# Harvest -bud by bud - or whole plant?



## Doob-Meister (Apr 15, 2007)

This is my first grow (AK47) and I'm hearing conflicting stories of how to harvest. I''m 7 weeks into my 12/12 lighting - and this little lady is loaded with sticky, smelly buds. The top buds have turned about 50% brown - the lower buds are still all clear or white.

One side says wait until about 90% of the pistals have turned, and then harvest the whole plant. The other side is saying "harvest the buds as they turn - bud by bud - not the whole plant at once".

Every learned opinion will be appreciated.

dm


----------



## Professor bongwater (Apr 15, 2007)

It's my preference to harvest in stages. I don't believe that it's about which one is better, it's only about preferance... 
Good Luck!


----------



## tkdchmpn (Apr 22, 2007)

Interesting question........... well if its just preferance then whos preference is going ot yeild the best end the end?
Becuase i would think that once the individual buds turned they would be done. But would cutting the plant hurt the others?


----------



## Brouli (Apr 22, 2007)

that really its a good question 

one of my friend  doit that way :

by the they of harvest he trims the leafs of plant and live the plant alive in darkness for a day or two with out no water , and then  cut it down and dry it .  i know its weird but hey every body got technique .


----------



## Rehab is for Quitters (Apr 22, 2007)

Maybe this is a naive point of view, but imo it seems wiser to harvest bud by bud.

 If you grow any other plant....tomatos, an apple tree, roses etc...the fruit or flowers mature at different rates so it seems logical to pick each bud when its ripe.

It seems that if you were to chop down a tomato plant you would get some ripe tomatos, some that werent ripe yet, others that were over-ripe/rotten. 

Is mj different from other plants in this respect?

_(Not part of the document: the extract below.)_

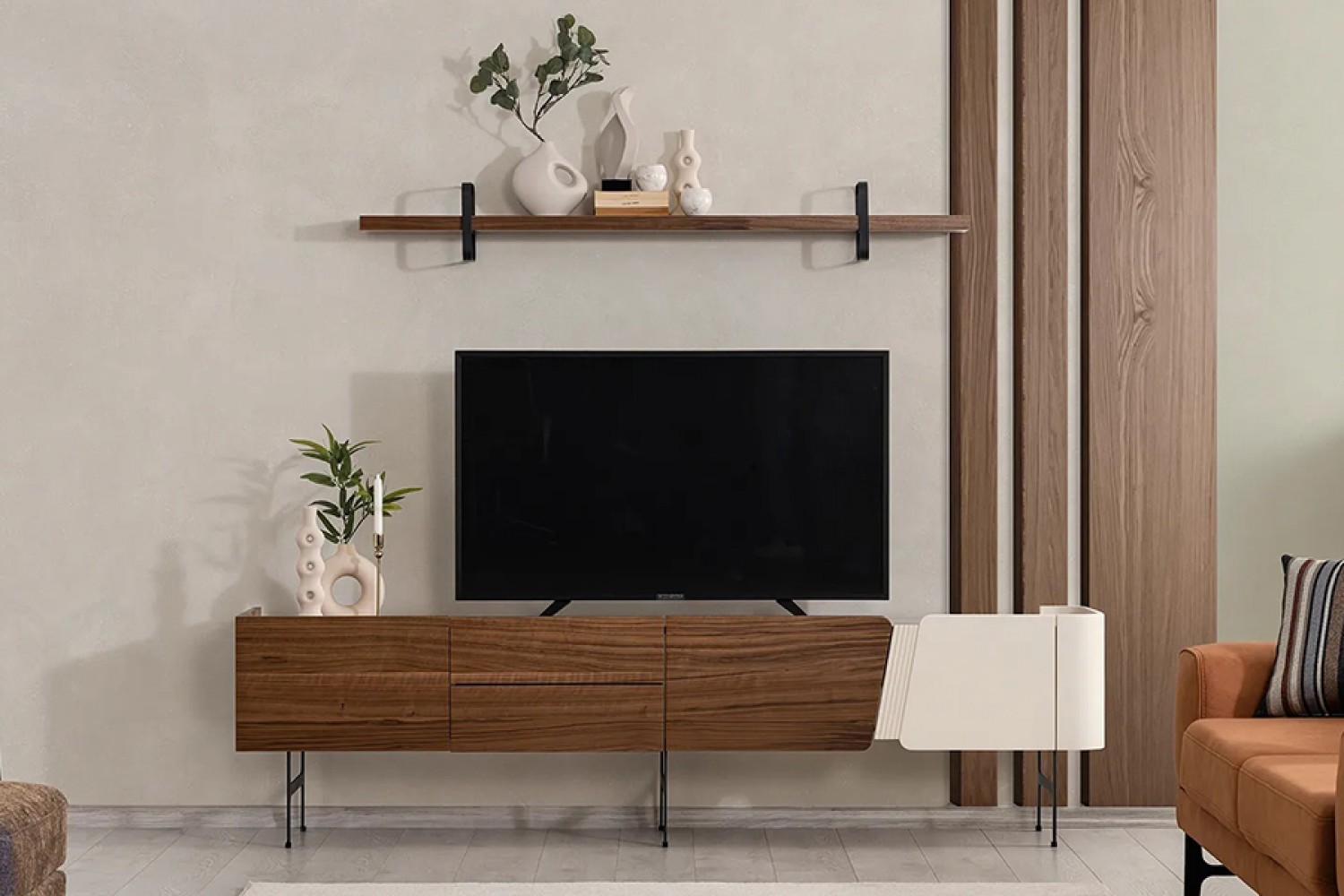 Navona Plus Tv Ünitesi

I would be interested in the opinions of some more experienced growers too.


----------



## tkdchmpn (Apr 22, 2007)

Rehab is for Quitters said:
			
		

> Maybe this is a naive point of view, but imo it seems wiser to harvest bud by bud.
> 
> If you grow any other plant....tomatos, an apple tree, roses etc...the fruit or flowers mature at different rates so it seems logical to pick each bud when its ripe.



I have often heard that the care for MJ should be on pace with the care of a tomato plant..  So i would have to think as you described ...bud by bud = fruit by fruit


----------



## stunzeed (Apr 24, 2007)

I like to clip the mature top buds and let the bottom stuff go a little longer with the increased light on the lower branches.

Stunzeed..


----------